The LTTE later turned against him, and sometime in 1993 even planned to eliminate him. Yet, the two-year closeness between the LTTE and DMK, during which period Sri Lankan Tamil leader Padmanabha was killed by LTTE, overshadowed the mutual hatred that marked the rest of the relationship between Karunanidhi and the militant group.
The Centre had forwarded to the then Jayalalitha government information from the Intelligence Bureau that LTTE had planned to eliminate Karunanidhi as the Tigers felt that he was not useful to them and wanted the then DMK MP V Gopalsamy (now MDMK general secretary) to take over the DMK and provide the outlawed outfit assistance in Tamil Nadu.
It is ironic that barring a brief period in 1989 and 1990 when the LTTE moved closer to CM Karunanidhi, the DMK chief never got along with the militant organisation.
However, the problem for Karunanidhi is that it was after the two-year link that the assassination of Rajiv Gandhi took place.
In the early eighties, the focus shifted to militant groups, prominent among them being the Tamil Eelam Liberation Organisation, which was backed by the Indian government as the late prime minister Indira Gandhi was keen to cut J R Jayewardene down to size.
Although most of the groups moved to Tamil Nadu for safety after the 1983 riots in Sri Lanka, Prabhakaran enjoyed considerable clout due to his proximity with MGR and the AIADMK government. The PLOTE suffered casualties as did the TELO.
In Tamil Nadu, the alignment was clear – MGR backed Prabhakaran and Karunanidhi backed Saba, as Sabaratnam was called. The LTTE did not care much for the DMK stalwart.

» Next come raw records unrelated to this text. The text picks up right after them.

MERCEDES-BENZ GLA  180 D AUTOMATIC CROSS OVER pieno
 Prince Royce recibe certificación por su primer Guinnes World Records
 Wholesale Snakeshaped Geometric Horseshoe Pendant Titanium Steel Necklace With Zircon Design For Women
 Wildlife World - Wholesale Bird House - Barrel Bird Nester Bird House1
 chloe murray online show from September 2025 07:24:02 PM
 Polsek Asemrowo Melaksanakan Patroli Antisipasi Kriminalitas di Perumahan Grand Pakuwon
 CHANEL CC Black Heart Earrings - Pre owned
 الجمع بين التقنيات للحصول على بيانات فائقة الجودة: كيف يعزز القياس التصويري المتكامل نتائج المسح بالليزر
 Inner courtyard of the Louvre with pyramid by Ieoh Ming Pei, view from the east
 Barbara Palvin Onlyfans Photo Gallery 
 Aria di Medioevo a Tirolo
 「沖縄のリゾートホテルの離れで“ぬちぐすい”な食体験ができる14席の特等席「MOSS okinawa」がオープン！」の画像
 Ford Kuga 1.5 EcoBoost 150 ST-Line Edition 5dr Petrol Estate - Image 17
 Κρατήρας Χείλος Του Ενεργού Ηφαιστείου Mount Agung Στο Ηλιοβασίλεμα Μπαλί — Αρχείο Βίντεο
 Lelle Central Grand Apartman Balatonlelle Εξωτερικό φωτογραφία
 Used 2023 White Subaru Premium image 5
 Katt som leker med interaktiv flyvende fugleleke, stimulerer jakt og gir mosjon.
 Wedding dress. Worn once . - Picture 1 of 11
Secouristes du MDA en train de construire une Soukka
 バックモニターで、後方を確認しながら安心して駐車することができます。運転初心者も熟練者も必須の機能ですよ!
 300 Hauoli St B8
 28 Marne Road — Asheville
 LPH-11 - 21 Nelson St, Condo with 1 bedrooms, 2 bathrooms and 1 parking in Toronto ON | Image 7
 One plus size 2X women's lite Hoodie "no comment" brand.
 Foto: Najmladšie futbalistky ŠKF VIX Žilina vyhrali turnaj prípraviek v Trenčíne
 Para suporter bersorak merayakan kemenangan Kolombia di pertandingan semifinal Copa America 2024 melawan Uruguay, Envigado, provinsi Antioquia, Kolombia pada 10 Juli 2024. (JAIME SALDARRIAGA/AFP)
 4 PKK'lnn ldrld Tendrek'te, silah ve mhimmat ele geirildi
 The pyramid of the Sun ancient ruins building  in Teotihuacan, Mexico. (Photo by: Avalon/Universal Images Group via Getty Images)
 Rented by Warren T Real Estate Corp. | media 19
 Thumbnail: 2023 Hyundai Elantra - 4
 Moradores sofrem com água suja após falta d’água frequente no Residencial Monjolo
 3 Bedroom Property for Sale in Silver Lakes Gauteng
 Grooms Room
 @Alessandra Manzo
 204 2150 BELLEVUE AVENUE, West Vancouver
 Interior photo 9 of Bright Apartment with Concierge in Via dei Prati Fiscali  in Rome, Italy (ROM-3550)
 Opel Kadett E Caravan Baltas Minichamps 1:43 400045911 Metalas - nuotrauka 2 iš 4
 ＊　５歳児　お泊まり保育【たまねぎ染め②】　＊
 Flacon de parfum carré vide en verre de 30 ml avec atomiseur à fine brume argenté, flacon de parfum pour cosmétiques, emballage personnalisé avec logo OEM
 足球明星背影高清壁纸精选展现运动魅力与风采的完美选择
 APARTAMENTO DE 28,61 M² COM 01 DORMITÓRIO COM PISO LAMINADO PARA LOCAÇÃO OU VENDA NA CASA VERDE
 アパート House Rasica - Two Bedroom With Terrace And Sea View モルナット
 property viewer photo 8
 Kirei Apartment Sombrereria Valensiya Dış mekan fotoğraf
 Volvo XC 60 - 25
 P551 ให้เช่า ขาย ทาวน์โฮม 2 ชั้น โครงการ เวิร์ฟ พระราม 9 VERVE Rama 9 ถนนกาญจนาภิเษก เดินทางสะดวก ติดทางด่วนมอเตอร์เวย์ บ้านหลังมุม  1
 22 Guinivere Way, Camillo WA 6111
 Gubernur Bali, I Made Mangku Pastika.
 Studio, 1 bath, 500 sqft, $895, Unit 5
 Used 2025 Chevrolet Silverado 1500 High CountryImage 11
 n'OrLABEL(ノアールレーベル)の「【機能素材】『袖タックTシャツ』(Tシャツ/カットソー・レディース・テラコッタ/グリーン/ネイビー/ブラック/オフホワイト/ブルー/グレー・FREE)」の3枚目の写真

LTTE carried out a decisive attack against TELO, and Saba and his men were encircled. Karunanidhi made an impassioned plea to Prabhakaran to spare the life of Saba but the Tigers chief ignored it and the TELO leader was killed.The incident shook Karunanidhi, who vowed not to take up the Sri Lankan Tamil issue any more.t was only after MGR’s death in 1987 and the DMK’s return to power in 1989 that the LTTE established its links with Karunanidhi. The then prime ministers Rajiv Gandhi and V P Singh also wanted Karunanidhi to hold talks with the militant groups including the LTTE and get them to support the Indo-Sri Lanka accord. A man, who for most part of his life was identified as an LTTE-hater, is now seen as its closest ally, thanks to his two-year intense affair with the militant outfit. It is obvious, whether or not Karunanidhi loved the LTTE in the manner Jain Commission perceived, the LTTE did not reciprocate any such love. True to its own known trait to betray all those who helped it even once, it betrayed Karunanidhi also and planned to eliminate him, perhaps by the very guns he allowed them to carry when he was the CM. To his political opponents he is an LTTE admirer, but to the LTTE he is a possible victim.